Caregivers Dealing With Holiday Stress
For many people, the holiday season serves as a recurring source of stress. The frenzy of decorating, buying gifts, cooking and preparing the house for visitors leaves many would-be revelers eager for January to arrive.
For individuals who care for loved ones or friends, the holiday season can ratchet up the stress level even higher. If you are a part-time or full-time caregiver, consider these tips to keep holiday stress to a minimum this year.
Take Time to Plan
Before the holidays arrive, set aside some time to list the major events coming up. If you’ll be preparing a meal for a large crowd over Thanksgiving, for example, plan to cook and freeze as much as possible beforehand.

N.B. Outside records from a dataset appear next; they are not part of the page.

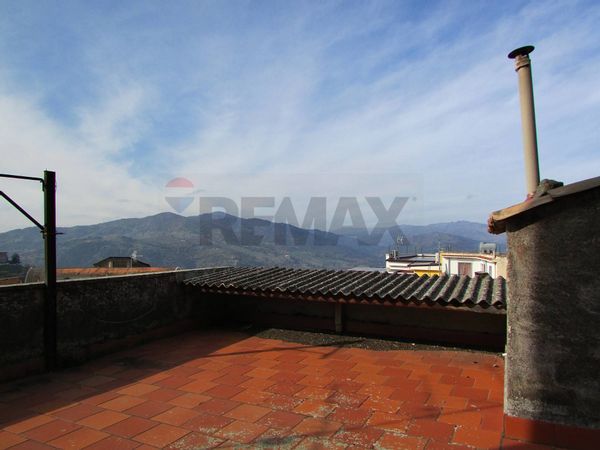 Casa Indipendente Bronte, CT Vendita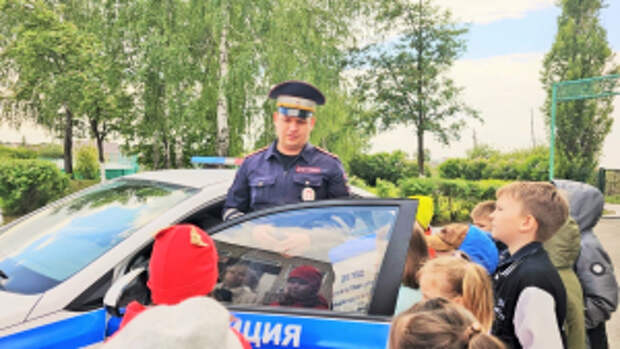 Школьники Липецкой области получают от автоинспекторов полезные советы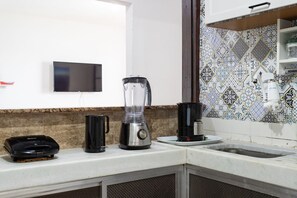 Fridge, microwave, oven, coffee/tea maker - Apartamento c Piscina, Sauna e Vista em Condomínio (São Pedro da Aldeia)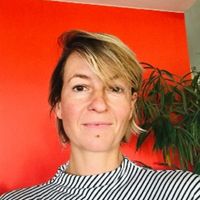 Le jardin suspendu sur les hauteurs de Marseille, avec vue mer, et la bonne mère en face.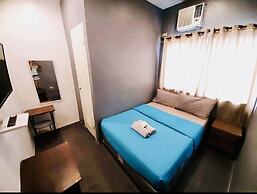 Hometown Hotel Bacolod - Lacson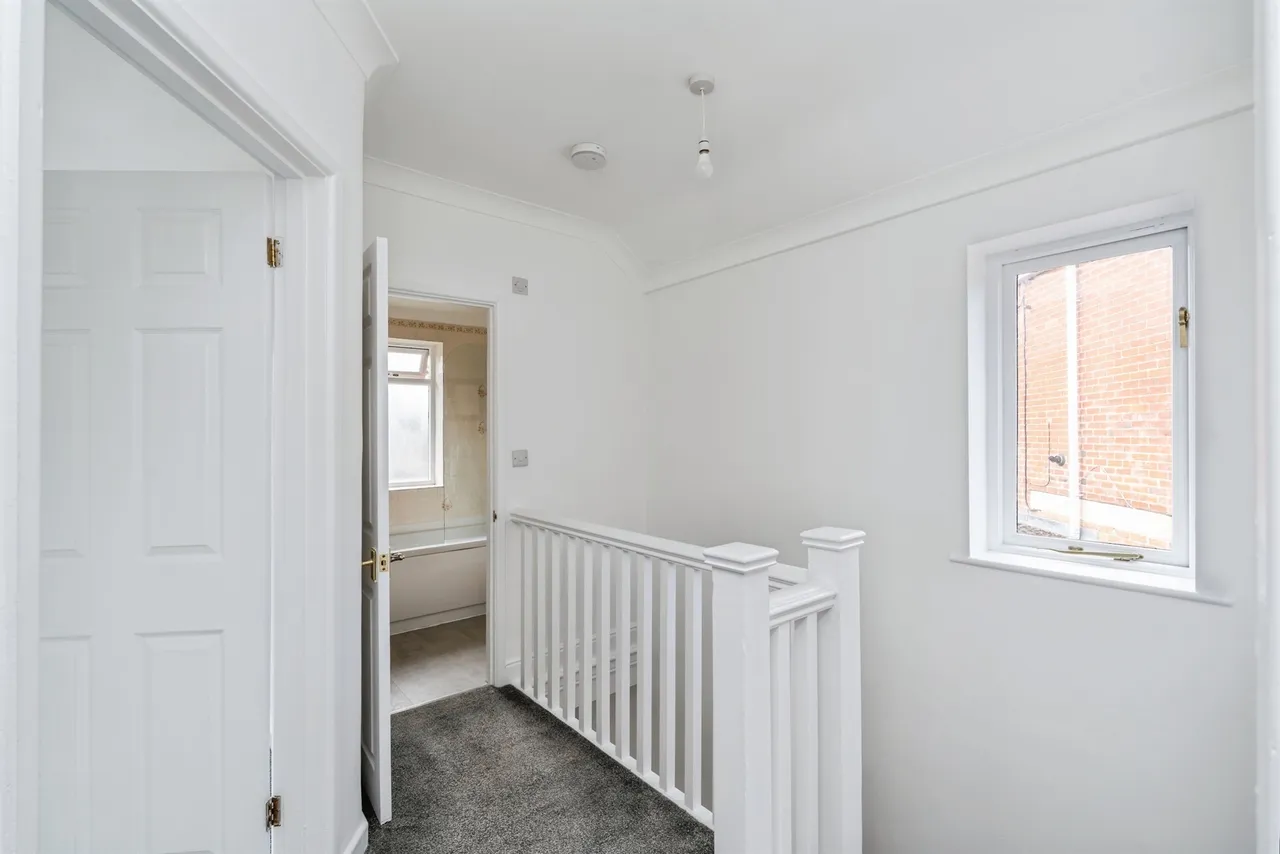 Longmead Avenue, Bishopstoke, Eastleigh, photo 12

If you’re expecting visitors for long stretches of the holidays, plan to delegate some responsibilities to them.
Keep it Simple
Whatever activities or events you’re planning, try to keep them as simple as possible. Instead of 20 different dishes for Thanksgiving dinner, why not stick to five or six? Consider making the main dish yourself and purchasing side dishes from a local restaurant or market. Alternatively, plan your meal as a potluck, and ask your guests to bring dishes to share.
Remember that the holidays are about spending time with people you love rather than focusing on extravagant gifts or decorations.
Let Go of Guilt
Many caregivers experience guilt as they wonder if they’re doing all they could for their loved one. The holidays can intensify feelings of perfectionism and the need to provide the best memories ever for family members.
Understand that as much as you may want — and work hard — to provide a special holiday for your senior loved one, you cannot control everything. In some cases, a loved one may be in a negative state of mind no matter what you do. To enjoy the holidays yourself, let go of any feelings of guilt.
Many caregivers experience burnout as the result of continuing, elevated stress levels and lack of rest. To continue to provide the best possible care for your loved one, it’s important that you also take care of your own needs.
Recognize the signs of burnout, and be sure to set aside time for yourself as you juggle caregiving with your additional work and family responsibilities during the holidays.
Get Support When You Need it
Caregivers often are selfless individuals who sacrifice their own well-being for the sake of their loved ones. To keep yourself sane and healthy, it’s critical to seek help when you need it. You can turn to friends and family members for a respite, or you can seek care through a community like Edgehill.
By asking for help from time to time, keeping things simple, letting go of guilt, and setting aside some time for yourself, you can cope with holiday stress and start the new year renewed and refreshed.